In questo gran pasticcio, il Cremlino cerca comunque di trovare una formula di compromesso gradita sia ad Assad sia ad Erdogan. Non solo perché il Medio Oriente è stato sempre una preoccupazione primaria di Putin. Non solo perché la Russia ha salvato il regime di Assad con l’intervento militare in Siria nel 2015. Oggi soprattutto perché un successo diplomatico in quel campo costituirebbe un ulteriore scossone alla presenza americana nella regione, già messa a dura prova dall’attivismo della Cina (mediazione tra Arabia Saudita e Iran e mediazione tra Al Fatah e Hamas in campo palestinese), dalla silente ma crescente insofferenza di Paesi come Arabia Saudita, Qatar ed Emirati Arabi Uniti, e dal difficile compito di conciliare la politica sanguinaria del premier israeliano Netanyahu con il desiderio di sostenere comunque lo Stato di Israele.

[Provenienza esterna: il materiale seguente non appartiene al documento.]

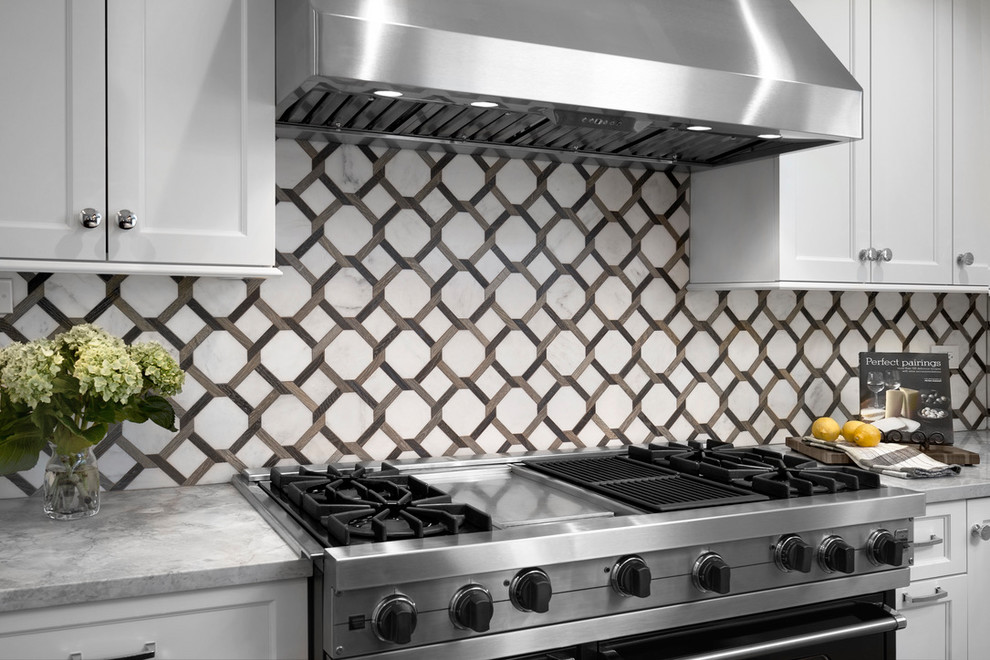Example of a large transitional l-shaped dark wood floor and brown floor open concept kitchen design in Chicago with an undermount sink, recessed-panel cabinets, white cabinets, quartzite countertops, white backsplash, marble backsplash, stainless steel appliances, an island and gray countertops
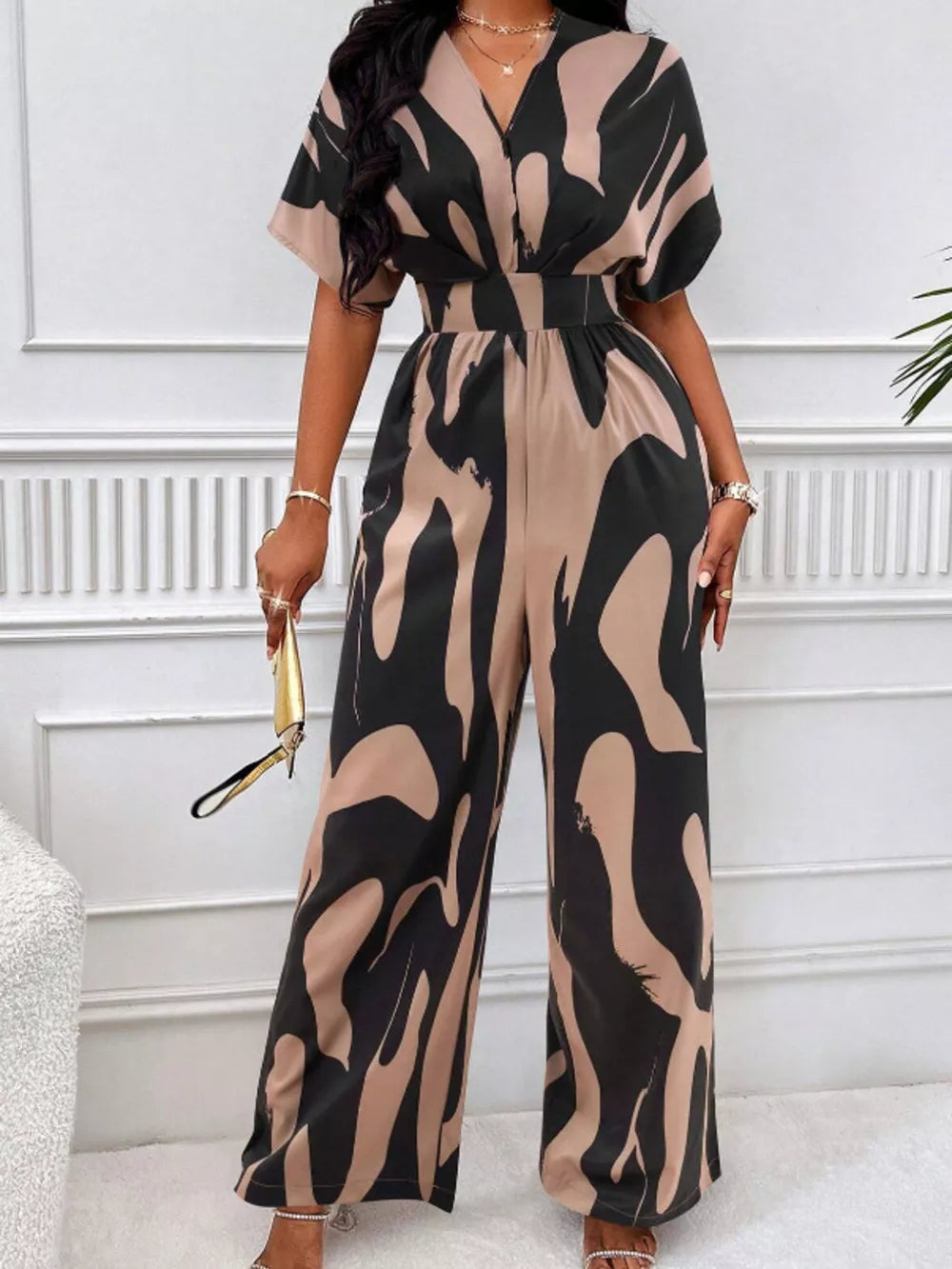 Chic abstract print wide-leg romper in black and khaki with short sleeves and V-neck.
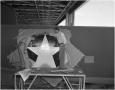 Photograph: [Painting a star on a US special transport plane]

Anche per il Cremlino, però, il rapporto con Israele resta complicato e pieno di sfaccettature. La diplomazia russa ha sposato la condanna delle operazioni israeliane a Gaza, la promozione dello Stato palestinese e della soluzione «due popoli, due Stati», che Israele ha da poco messo «fuorilegge» con un voto parlamentare. Però accetta che le forze aeree di Israele colpiscano spesso in Siria, sia obiettivi siriani sia obiettivi iraniani. Alla Russia basterebbe poco per ovviare: potrebbe mettere in funzione i sistemi antierei S-400 di cui dispone in Siria. Ma non lo fa. A dimostrazione che tiene al rapporto con Israele, anche se sostiene Assad e la Siria e con l’Iran, bestia nera di Netanyahu, sta per firmare un accordo di collaborazione globale che le parti non esitano a definire «storico».

C’è del gran movimento, insomma. Difficile capire, però, quale direzione possa prendere.